Après l'enterrement de son archevêque, l'aumônier Hydultus, pour se conformer aux dernières instructions du défunt prélat, prit le bras droit qu'il avait détaché du corps, le mit respectueusement dans une boite et se disposa à le porter à Plourin.

Étant descendu dans une auberge du bourg paroissial de Brech, diocèse de Vannes, il déposa la précieuse relique dans un bahut que l'hôtesse avait mis à sa disposition pour y serrer ses hardes.

Or, voici qu'un autre voyageur, qui ignorait complètement ce que renfermait le modeste bahut, alla s'asseoir irrespectueusement sur cette châsse improvisée et devint aussitôt muet et perclus de tous ses membres.
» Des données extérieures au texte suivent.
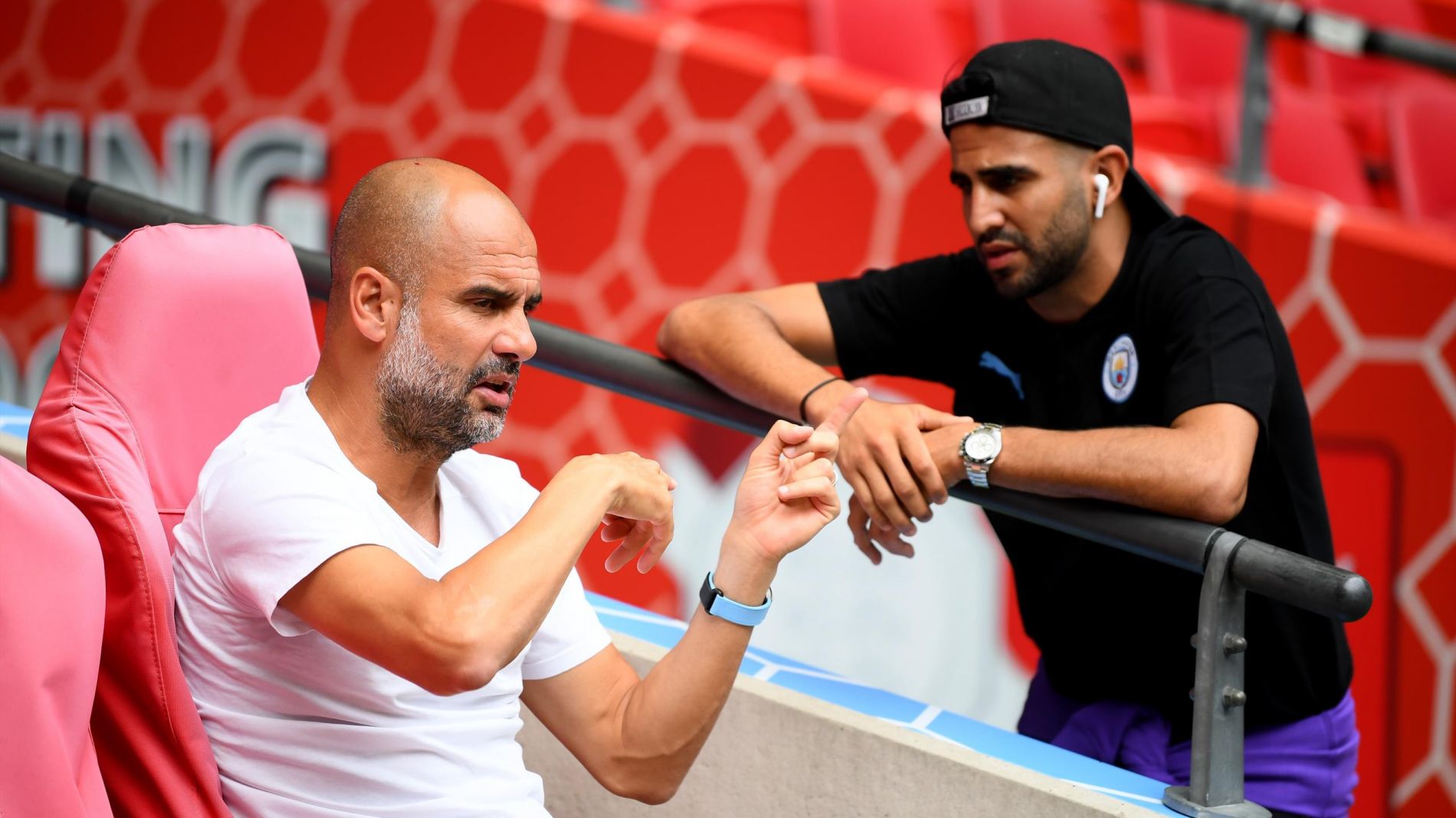 Guardiola: « Ce que j’attends de Mahrez est très clair »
Comme personne ne comprenait rien à cet accident, on s'avisa d'ouvrir le meuble et de fouiller parmi les hardes de l'aumônier, et l'on y trouva la sainte relique avec les procès-verbaux authentiques à l'appui.

 

Alors le pauvre homme, se « laissant tomber par terre, demanda pardon à Dieu et à saint Budoc de l'irrévérence qu'il avait commise envers sa relique et puis se leva sain et dispos, louant Dieu et le saint prélat. »

 

Le recteur de la paroisse, qui avait assisté à ce double miracle — le chroniqueur a oublié de nous dire si c'était l'habitude du curé de passer ses soirées à l'auberge de l'endroit ou bien s'il ne s'y est trouvé que... par miracle — s'empara de la clef du coffre et « le lendemain vint avec ses prêtres en solennelle procession, leva la sainte relique qu'il porta en son église, sans la vouloir rendre à l'aumônier ».

 

Cette expropriation forcée pour cause d'utilité publique ne parut pas suffisamment motivée à l'aumônier Hydultus, qui mit tout en œuvre pour amener le curé de Brech à lui restituer son bien.

Mais tout ce qu'il put obtenir, par de grandes importunités, ce fut d'être admis à baiser une dernière fois la précieuse relique, en présence de tous les fidèles.

« Il s'approcha donc de l'autel, fit dévotement sa prière et le saint bras lui étant présenté, il prit si bien son temps et ses mesures qu'il attrapa entre ses dents le pouce, le second et le troisième doigt de la main et les mordit si serré qu'il les coupa et emporta à Plourin, donna la bénédiction au peuple de la part de son défunt maître et y laissa ces reliques, qui furent richement enchâssées et soigneusement conservées jusqu'à notre temps, Dieu les ayant honorées de plusieurs grands miracles. »

 

Pendant longtemps les serments requis par ordonnance de justice se prêtaient sur ces reliques de saint Budoc

« qu'on posait à cet effet sur son navire miraculeux et se trouvait que ceux qui juraient faussement ne passaient le jour et an sans être rigoureusement châtiés ».